The first assignment of error has to do with the action of the court in giving instruction No. 1 for plaintiffs. This instruction, in part, follows:

"The court instructs the jury that, if you believe and find from the evidence in this case that on or about the 14th day of March, 1912, the plaintiffs were copartners, doing business in the city of St. Louis under the firm name of A. H. Asadorian & Co., and that the plaintiffs at said time were the owners of certain rugs mentioned in the evidence, which they were keeping in their store building at 386 North Euclid avenue in said city, and if you further believe and find from the evidence that on or about the said 14th day of March, 1912, the defendant, without the consent of the plaintiffs, took and carried away the said rugs belonging to the plaintiffs and has not returned the same to plaintiffs, then your verdict must be in favor of the plaintiffs and against the defendant.

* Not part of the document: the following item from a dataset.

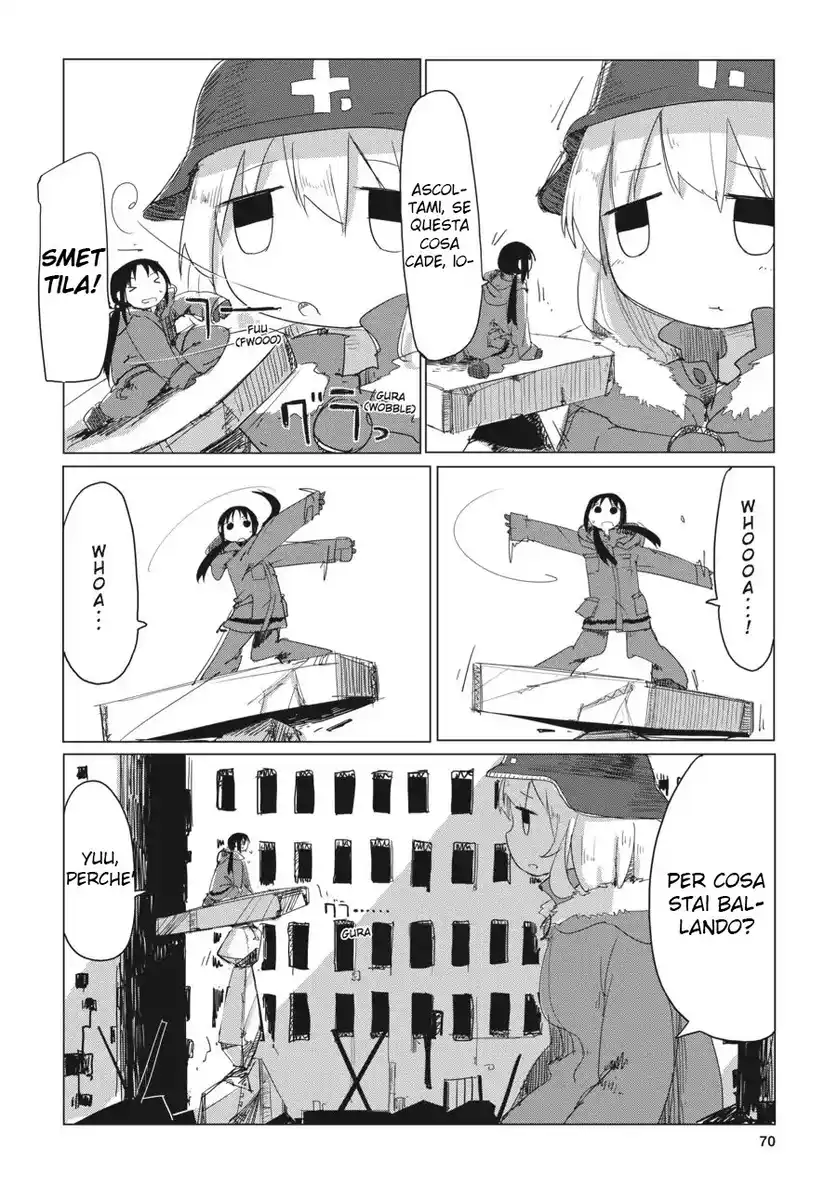 Shoujo Shuumatsu Ryokou Capitolo 12 page 10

It is defendant's contention that this instruction is erroneous, for the reason that it assumes in the first part of the instruction that the rugs were being kept at 386 North Euclid avenue, and in the latter part that said rugs belonged to the plaintiffs. As to the second alleged assumption, we note that the instruction expressly requires the jury to find that the plaintiffs were the owners of the rugs. As to the first, counsel for plaintiffs submit that this instruction is a copy of the instruction approved by the Supreme Court on the former appeal of this case, and for such reason is not at this time subject to criticism. While this fact may be true, the instruction is not set out verbatim in the Supreme Court's opinion, and it does not appear that the particular point urged here was raised before that court. However, even if...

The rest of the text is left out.